I was wondering what would be the proper translation for the phrase "Shadows and regrets, let go all the rest."  Thank you for your help.


----------



## rainbowizard

My try:
umbrae atque dolores, quietem adimunt
or 
umbrae atque dolores, efficiunt ut quies adimatur


----------



## pisolo

Hi
I agree with rainbowizard.
Have a nice day.


----------



## wonderment

hi, everyone.  hi rainbowizard , I don't think it means in English what you think, or maybe it doesn't mean what I think, but here's my try:

_umbras doloresque et cetera exigamus solvamus_
exhortation: let's let go of the shadows and regrets, and all the rest.
or
_umbras doloresque et cetera exige__ solve
_imperative (use _exigete solvite_ if addressing more than one person): let go of the shadows and regrets, and all the rest.


----------



## rainbowizard

Ha! Strange... 
Maybe I misunderstood the meaning of the phrase in English... I thought that "rest" here means "quiet" or "tranquillity", so it sounds to me as 
"Shadows and regrets make all my tranquillity go away"
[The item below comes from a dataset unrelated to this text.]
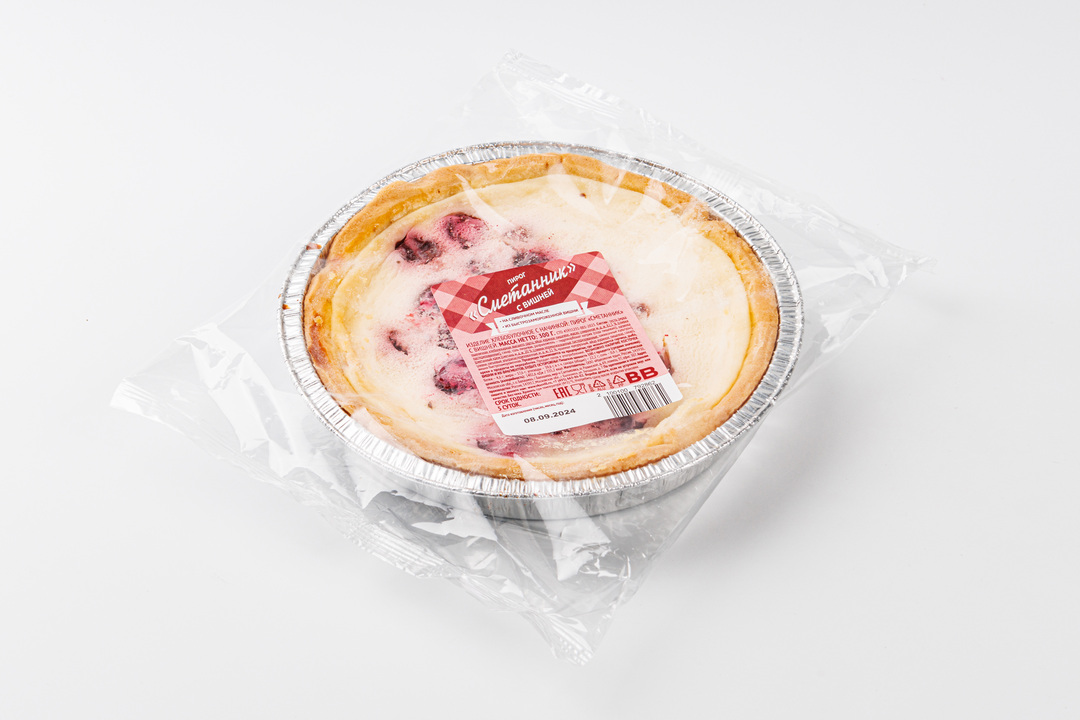 

Пирог Сметанник с вишней 300 г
Perhaps denvergir will solve my doubts


----------



## wonderment

Hi again,

I just Googled this line and found the context here:

And we hoped for the best
And let go of the rest
Shadows and regrets
Let go of the rest

Song lyrics, like poems, will play with the ambiguity of a word’s meanings. As a native speaker of English, when I hear “let go all the rest” I automatically think “hold on to what’s important and let go of everything else.” But in context, it seems the song is _also_ playing with that other sense of “rest”, the notion that shadows and regrets can shatter one’s inner peace.  

Hmm...I think _solvere_ (to release or set free) would be more apt. I just revised my translation; please have a look.


----------



## denvergirl479

Hi everyone,

Thanks for your replies.  How Wonderment explained it is pretty much what it means.  The song does play with the meaning so it's a little hard to figure it out.  I think it can be taken different ways so you just have to decide what it means to you.  But I like how you explained it Wonderment.  So is this the final translation: "_umbras doloresque et cetera __solve."  _Thank you everyone for your help.


----------



## wonderment

Hi denvergirl,

You’re welcome   Well...looking at the lyrics again, the implied subject of “let go” is really “we”. So to translate: 

_Shadows and regrets/ (we) Let go of the rest_ = _umbras doloresque et cetera solvimus_ 

(And for what it’s worth, this verse is beautiful in _English_. That double meaning of “rest” gets lost in translation.)


----------